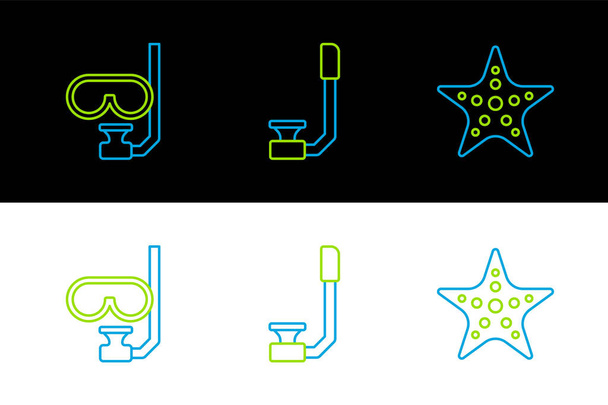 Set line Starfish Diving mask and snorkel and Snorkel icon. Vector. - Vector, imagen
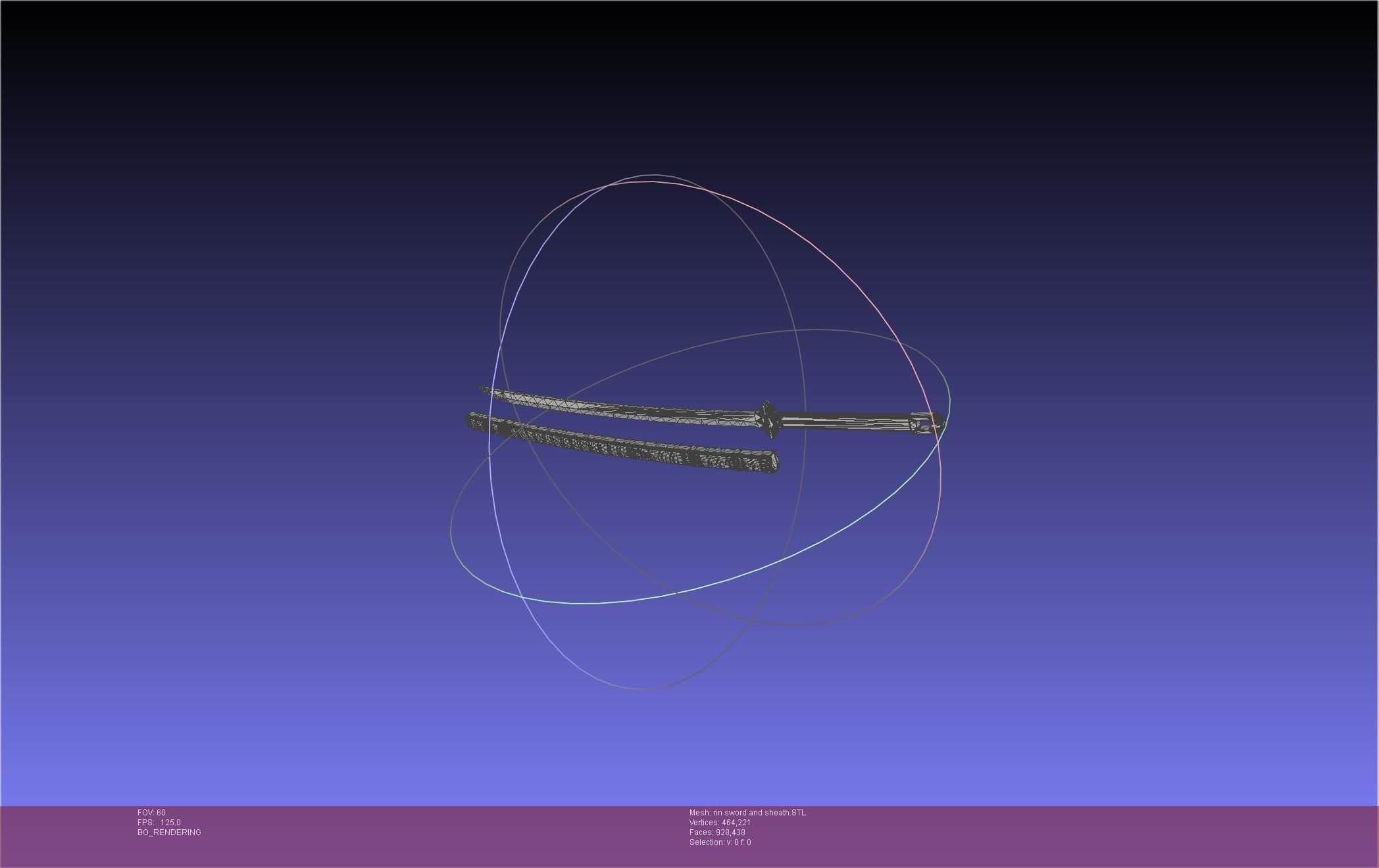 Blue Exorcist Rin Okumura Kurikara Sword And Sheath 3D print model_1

* * *

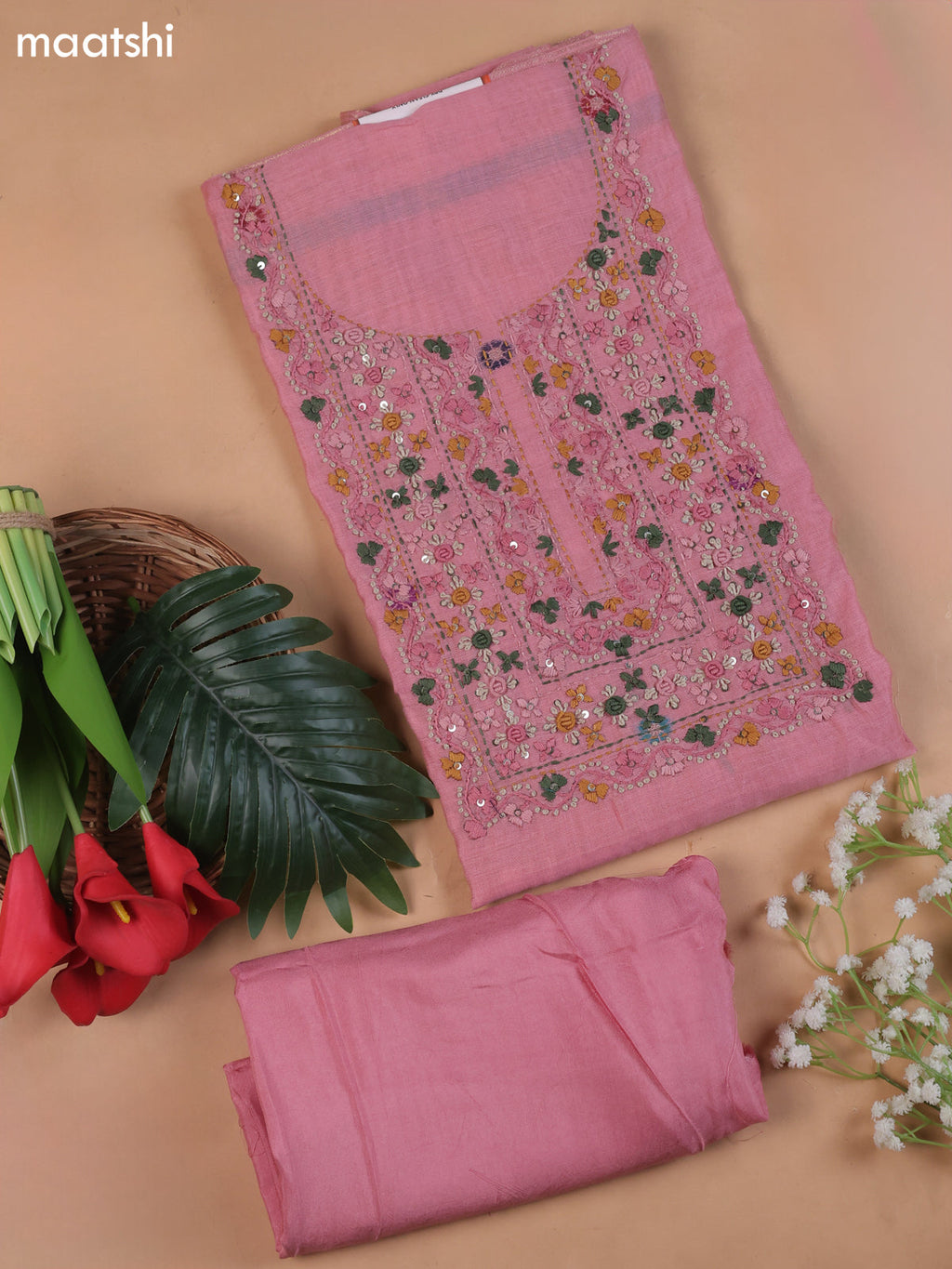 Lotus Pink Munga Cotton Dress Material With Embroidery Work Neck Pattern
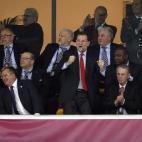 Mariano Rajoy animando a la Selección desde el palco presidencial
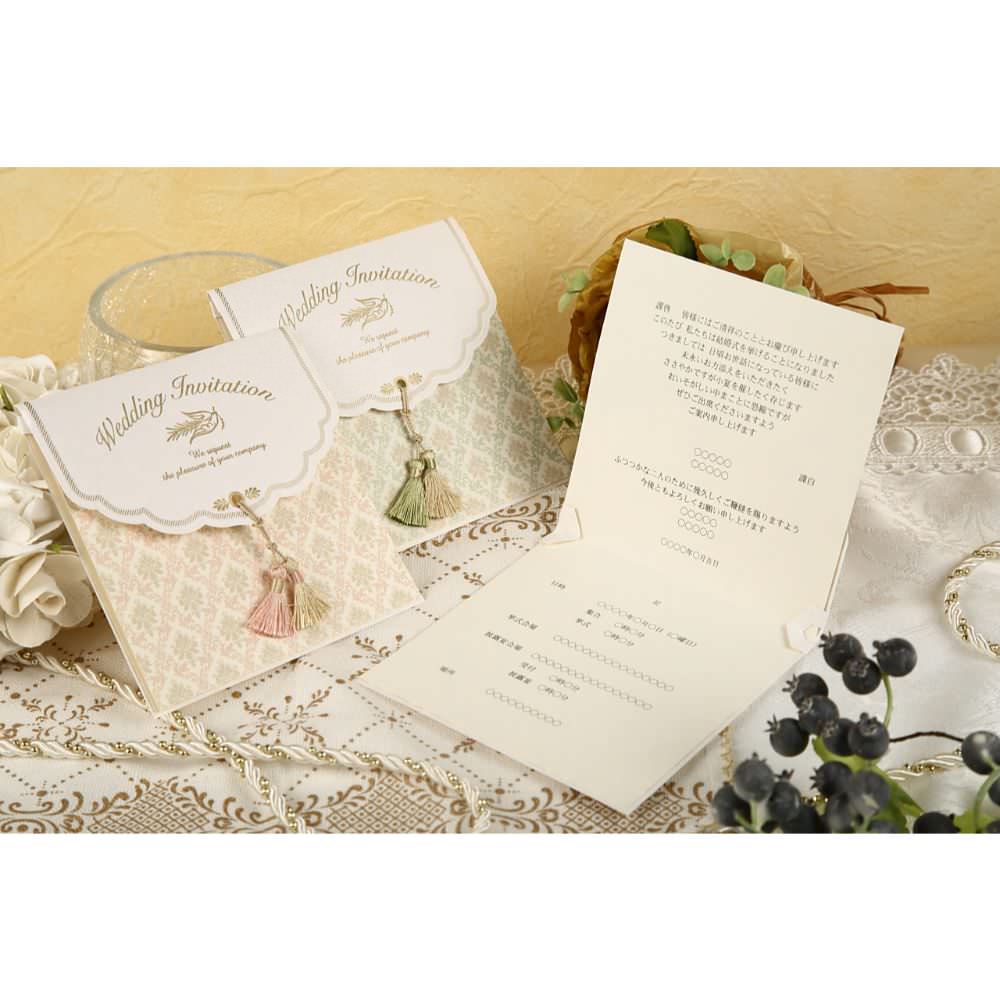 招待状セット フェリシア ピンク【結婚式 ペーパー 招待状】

* * *

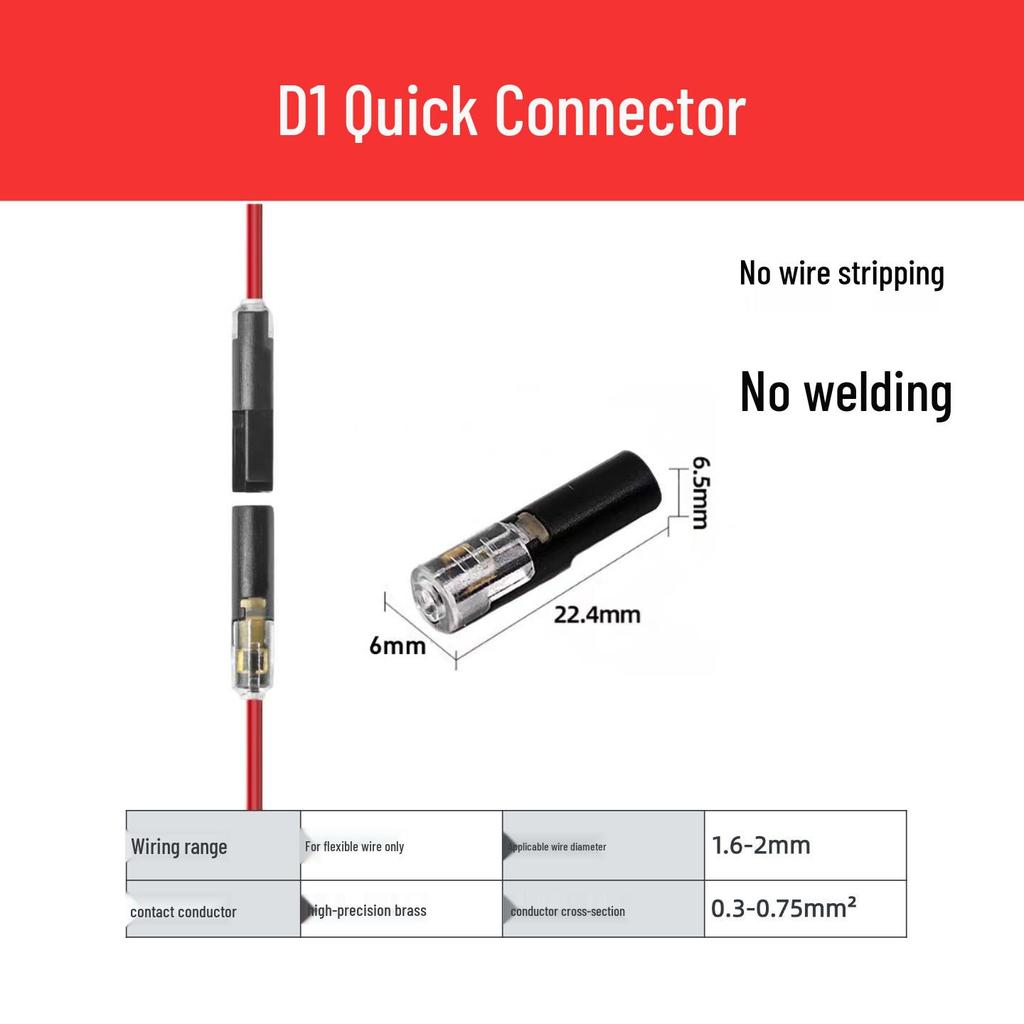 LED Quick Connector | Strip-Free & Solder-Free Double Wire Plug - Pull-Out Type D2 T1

* * *

● Task objective:
Only one stretch of the listing above is to be duplicated: the lines from the one containing "Mariano Rajoy animando" through the one containing "招待状セット フェリシア ピンク【結婚式 ペーパー 招待状】", both included. Copy them exactly, minus the pictures.

● Task solution:
 Mariano Rajoy animando a la Selección desde el palco presidencial
 招待状セット フェリシア ピンク【結婚式 ペーパー 招待状】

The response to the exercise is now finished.